Europeans were then seldom seen, though it was known that Nasr-ed-din Shah did all he could to imitate Europe and open every door for foreign contamination which, far from improving the condition of the country, would lower its self-confidence, increase its dependence, and prepare its fall. But now the last gleam of the genuine old days has vanished. Now there are European hotels, and gentlemen and ladies of Christian blood drive in droskies, and Teheran,

like many other Levantine towns farther to the west, threatens to become more and more a cesspool of adventurers, fortune-hunters, and quacksalvers.

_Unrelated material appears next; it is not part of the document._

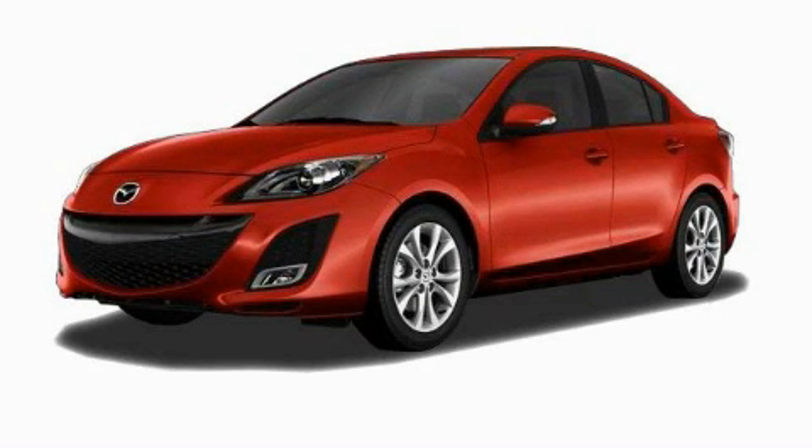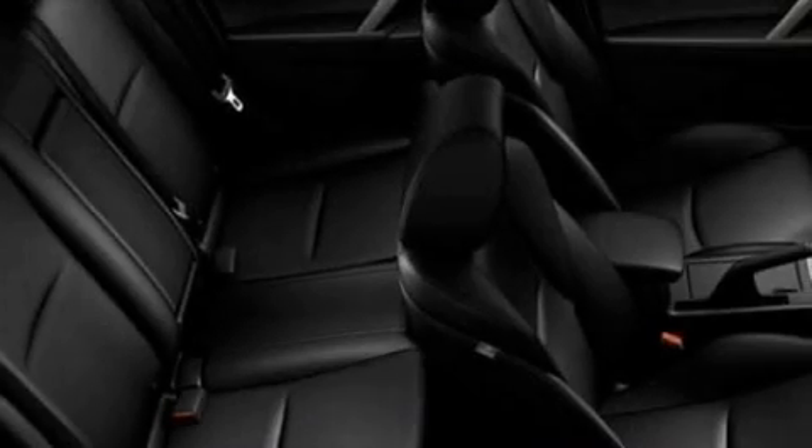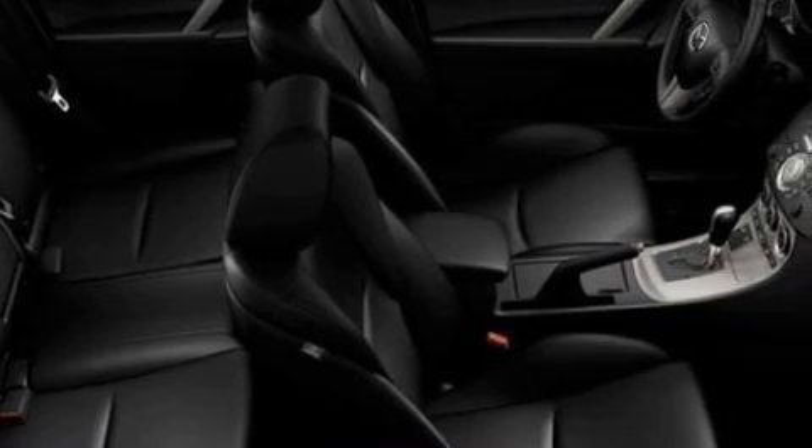This is a brand new 2010 Mazda 3. It features a 2.5 liter 4-cylinder engine and a 5-speed automatic transmission.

However, I had not come hither to lose myself in urban studies of doubtful interest, but solely to equip a caravan for a long journey through the deserts of Eastern Persia. As all other things in the sleepy and benumbed countries of the East, typified by Endymion, this took time, and I armed myself with patience, taking advantage of the delay to make the acquaintance of several Europeans in the Shah's capital. The interests of Great Britain—and these are matters of no small consequence—are looked after by Mr. E. Grant Duff, as chargé d'affaires, and his amiable wife does the honours in his hospitable house with not less conscientiousness. I had a real home with them for nearly three weeks, surrounded by all the comforts that life can offer. I had met my host in Stockholm, when he was on duty there, and found him an unusually well-educated and talented man, who knew Persia thoroughly—and all the history of the rest of the world — an enthusiastic collector of Sassanid coins, an eminent archæologist, musician, sportsman, and diplomatist, a man who inspired Persian gentlemen with the greatest respect.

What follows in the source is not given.